→ Supplied records:

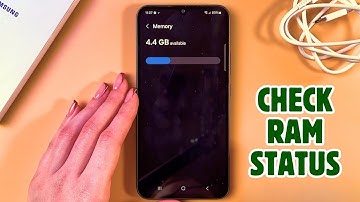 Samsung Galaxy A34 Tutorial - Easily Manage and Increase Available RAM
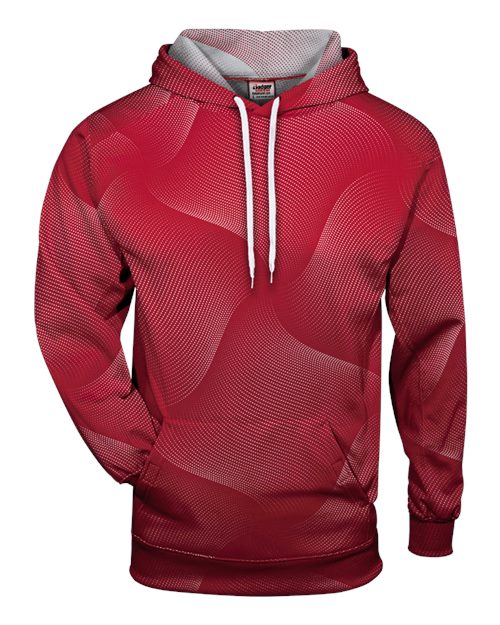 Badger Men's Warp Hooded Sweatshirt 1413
* * *
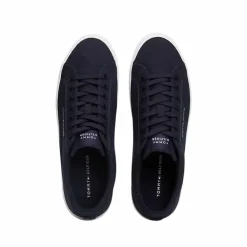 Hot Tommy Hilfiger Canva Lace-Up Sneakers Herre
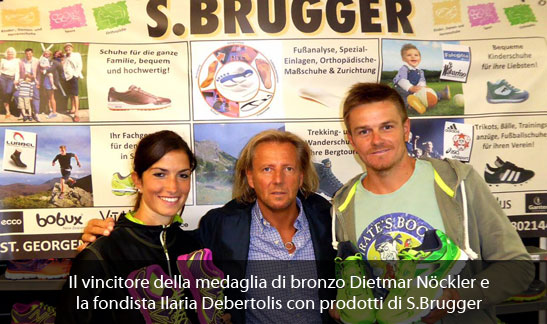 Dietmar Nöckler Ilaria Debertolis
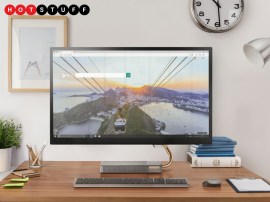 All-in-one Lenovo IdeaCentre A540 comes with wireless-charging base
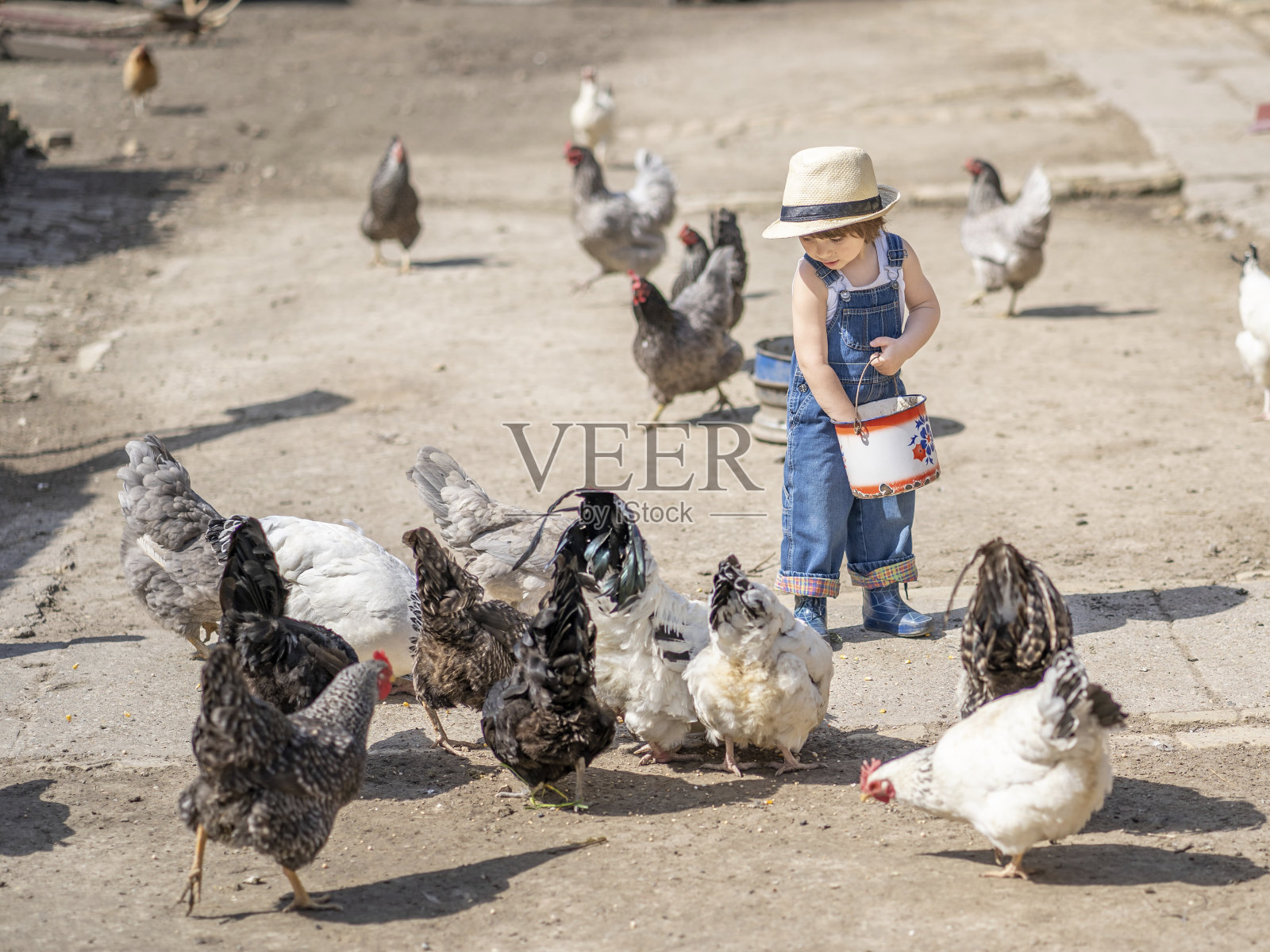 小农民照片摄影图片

→ Assignment: Copy only what runs above from the line containing "Samsung Galaxy A34" through the line containing "Badger Men's Warp Hooded Sweatshirt 1413", exactly. Leave out the pictures.

→ Solution below:
 Samsung Galaxy A34 Tutorial - Easily Manage and Increase Available RAM
 Badger Men's Warp Hooded Sweatshirt 1413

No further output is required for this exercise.